Magnetic effect on CO2 solubility in seawater: A possible link between geomagnetic field variations and climate

Authors


Abstract

[1] Correlations between geomagnetic-field and climate parameters have been suggested repeatedly, but possible links are controversially discussed. Here we test if weak (Earth-strength) magnetic fields can affect climatically relevant properties of seawater. We found the solubility of air in seawater to be by 15% lower under reduced magnetic-field (20 μT) compared to normal field conditions (50 μT). The magnetic-field effect on CO2 solubility is twice as large, from which we surmise that geomagnetic field variations modulate the carbon exchange between atmosphere and ocean. A 1% reduction in magnetic dipole moment may release up to ten times more CO2 from the surface ocean than is emitted by subaerial volcanism. This figure is dwarfed in front of anthropogenic CO2 emissions.

1. Introduction

[2] Causal and non-causal connections between the Earth's magnetic field and climate have been proposed repeatedly, mostly on the basis of statistical analyses of time series of geomagnetic and climate (proxy) data (for a recent review, see Courtillot et al. [2007]). Potentially underlying mechanisms remain a subject of controversy, however. Doake [1977] suggested that rotational acceleration or deceleration due to waxing or waning ice sheets might trigger instabilities in the geodynamo and promote geomagnetic events of large magnitude (excursions or reversals). Although variations in the Earth's rotation rate affect the geodynamo [Le Mouël et al., 1981], it is not known what magnitude is required for the change in angular frequency in order to critically perturb a stably running geodynamo, or how close the geodynamo has to be to the critical state to be susceptible for such perturbations at all. Also, there is no convincing statistical evidence for such a connection in the paleo-record, although possible correlations may be obfuscated by uncertainties in age models, as was already cautioned by Doake [1977].

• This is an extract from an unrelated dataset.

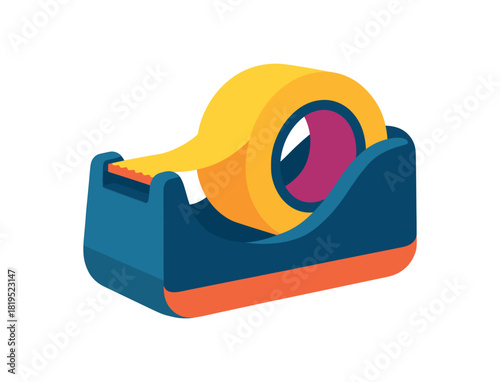 Flat vector illustration of colorful adhesive tape dispenser with vivid roll rounded shapes clean vector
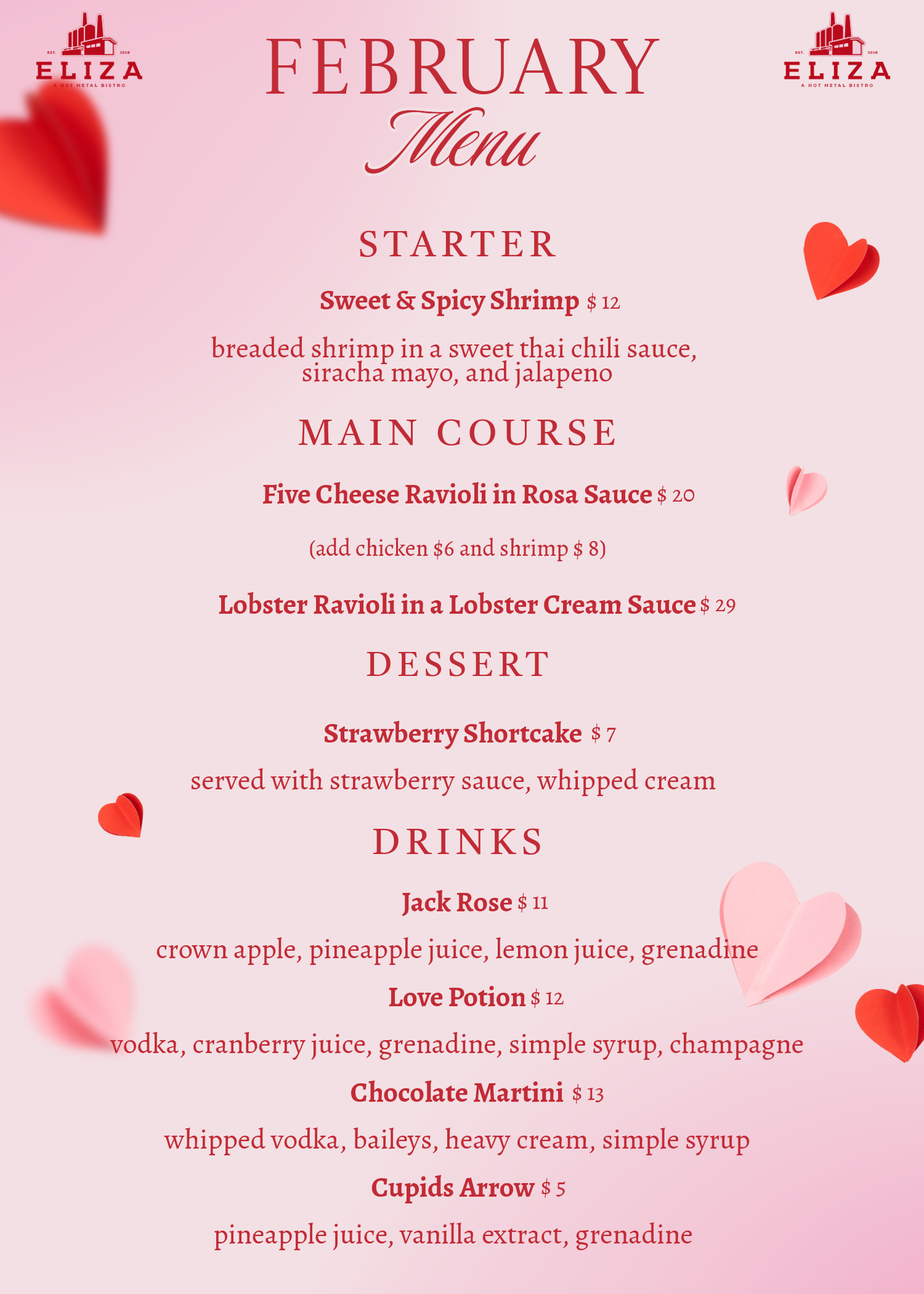 Pink February menu with food and drink options for a restaurant.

[3] Since luni-solar precession may provide power to the geodynamo [e.g., Vanyo, 1991; Tilgner, 2007], all effects that perturb or modulate precession (such as obliquity variations) can potentially influence the geomagnetic field. However, the statistical evidence for an orbitally modulated geodynamo from sedimentary paleomagnetic records is far from firm [Guyodo et al., 2000; Kent and Carlut, 2001; Roberts et al., 2003; Heslop, 2007; Xuan and Channell, 2008].

[4] Although absolute paleointensity records derived from terrestrial lava flows or archaeological artifacts are discontinuous in time, they have no climatic overprint, which makes them in principle better suited for studying such correlations. For example, Gallet et al. [2005] reported a remarkable coincidence between major cool episodes and periods of increased archeomagnetic field strength (AMF) since 700 AD. AMF variations during the four millennia BC appear to be interrupted by so-called archeomagnetic jerks, that is, periods of sharp intensity increase, which coincide with periods of fastest cooling rates [Gallet et al., 2006]. Unfortunately, the archeomagnetic database is still too sparse to verify if periods of rapid warming are correlated with fast dropping AMF values.

[5] As Courtillot et al. [2007] remarked, the negative correlation between magnetic dipole moment and temperature is at odds with an often invoked mechanism, in which a diminishing dipole reduces the shielding capacity of the terrestrial magnetosphere against galactic cosmic radiation, which in turn enhances the nucleation rate of deep clouds, entailing a higher albedo and cooler temperatures.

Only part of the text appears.